» Work to be completed
Omit all images, then repeat exactly the lines below from the one containing "Bottega Veneta NWT" through the one containing "Ceramic sculpture - quail, Raku", both ends included.

» Entries supplied

--

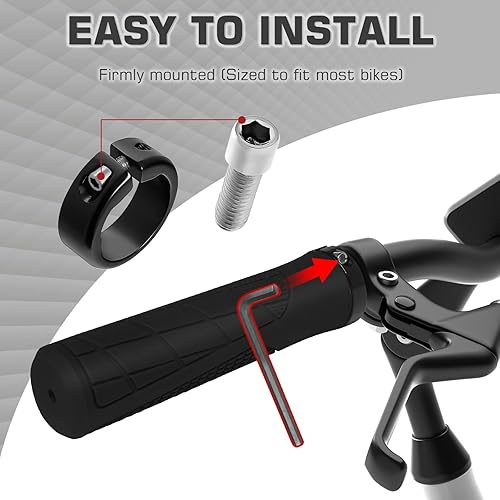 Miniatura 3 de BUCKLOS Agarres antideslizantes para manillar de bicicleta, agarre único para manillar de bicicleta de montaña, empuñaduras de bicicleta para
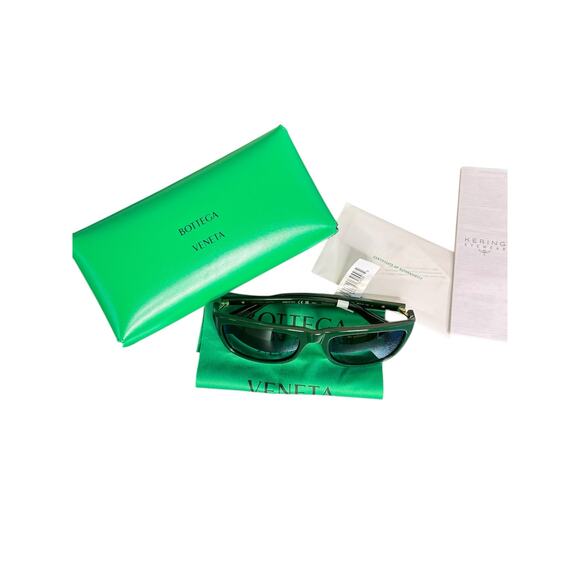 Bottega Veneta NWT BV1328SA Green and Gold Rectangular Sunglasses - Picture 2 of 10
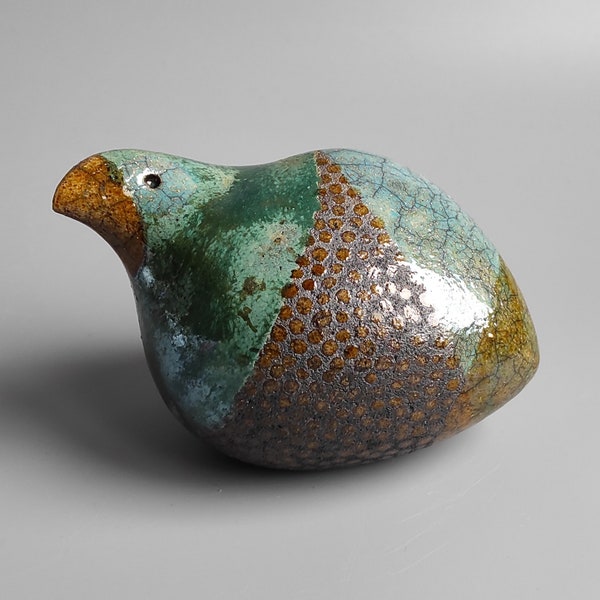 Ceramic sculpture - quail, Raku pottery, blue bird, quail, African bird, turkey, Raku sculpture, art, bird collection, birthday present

--

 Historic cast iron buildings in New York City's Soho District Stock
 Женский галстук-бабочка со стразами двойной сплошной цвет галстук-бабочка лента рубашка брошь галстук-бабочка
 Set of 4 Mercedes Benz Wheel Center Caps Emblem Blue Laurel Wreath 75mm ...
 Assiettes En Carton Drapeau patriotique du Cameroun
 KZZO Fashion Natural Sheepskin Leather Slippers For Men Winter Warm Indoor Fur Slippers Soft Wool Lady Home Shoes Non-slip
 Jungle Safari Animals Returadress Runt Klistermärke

--

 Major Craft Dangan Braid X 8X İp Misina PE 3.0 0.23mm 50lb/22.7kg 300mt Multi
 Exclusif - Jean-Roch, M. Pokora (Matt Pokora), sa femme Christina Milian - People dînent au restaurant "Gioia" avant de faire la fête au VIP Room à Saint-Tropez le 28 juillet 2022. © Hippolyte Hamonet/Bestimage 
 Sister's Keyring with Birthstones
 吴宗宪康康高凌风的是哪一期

--

» Solved problem
 Bottega Veneta NWT BV1328SA Green and Gold Rectangular Sunglasses - Picture 2 of 10
 Ceramic sculpture - quail, Raku pottery, blue bird, quail, African bird, turkey, Raku sculpture, art, bird collection, birthday present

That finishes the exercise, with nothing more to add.